**YOUR INSTRUCTIONS:** Your job is to give again, exactly and with no additions, the lines in the records below from the one with "Sweatshirt mit kontrastfarbigem Print vorne" through the one with "Farol Gm Sonic", both included. Omit the pictures.

**INFORMATION PROVIDED:**

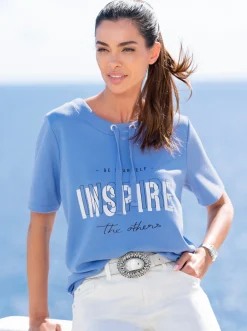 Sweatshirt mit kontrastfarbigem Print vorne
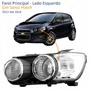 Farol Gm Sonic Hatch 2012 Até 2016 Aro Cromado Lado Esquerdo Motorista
* * *
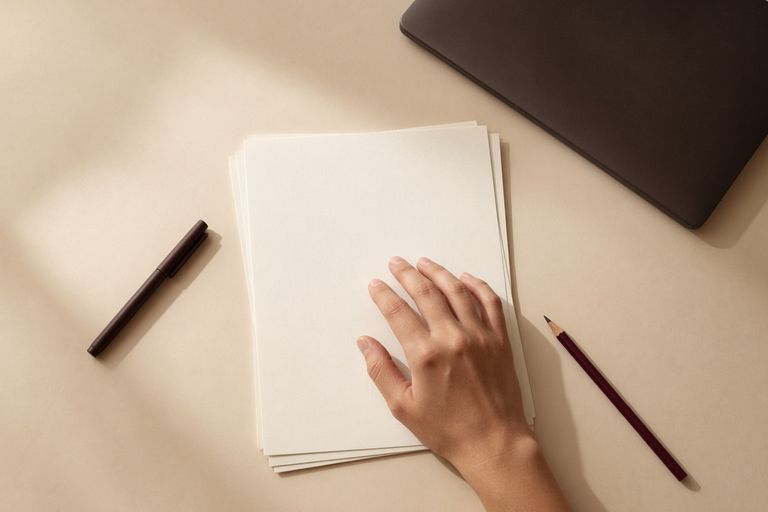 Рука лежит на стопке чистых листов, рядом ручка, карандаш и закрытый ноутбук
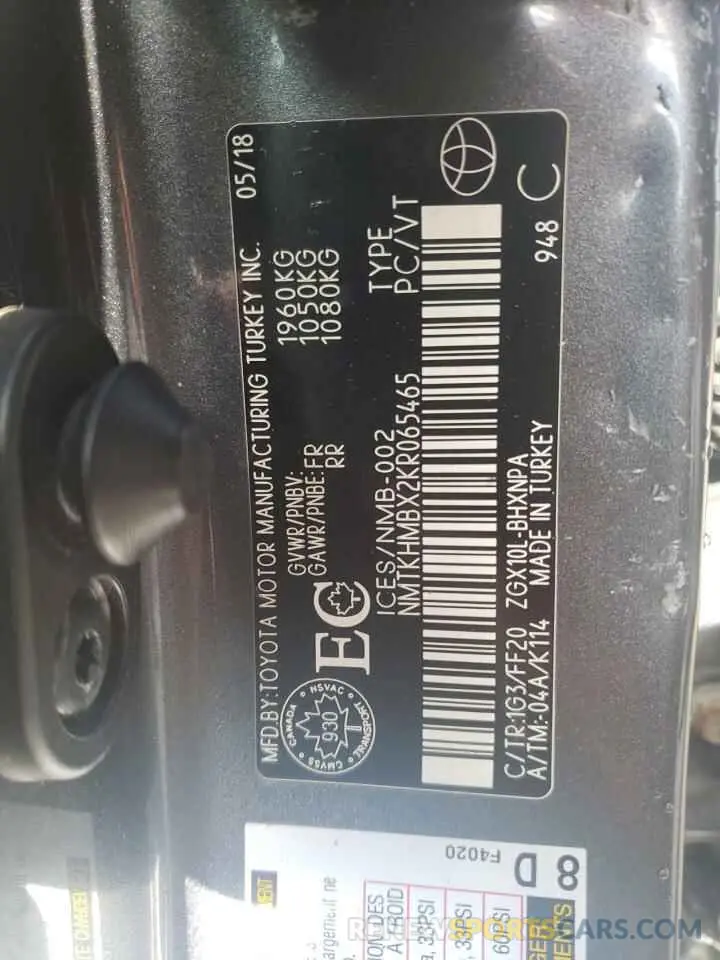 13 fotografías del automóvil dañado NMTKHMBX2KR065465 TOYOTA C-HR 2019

**WORKED SOLUTION:**
 Sweatshirt mit kontrastfarbigem Print vorne
 Farol Gm Sonic Hatch 2012 Até 2016 Aro Cromado Lado Esquerdo Motorista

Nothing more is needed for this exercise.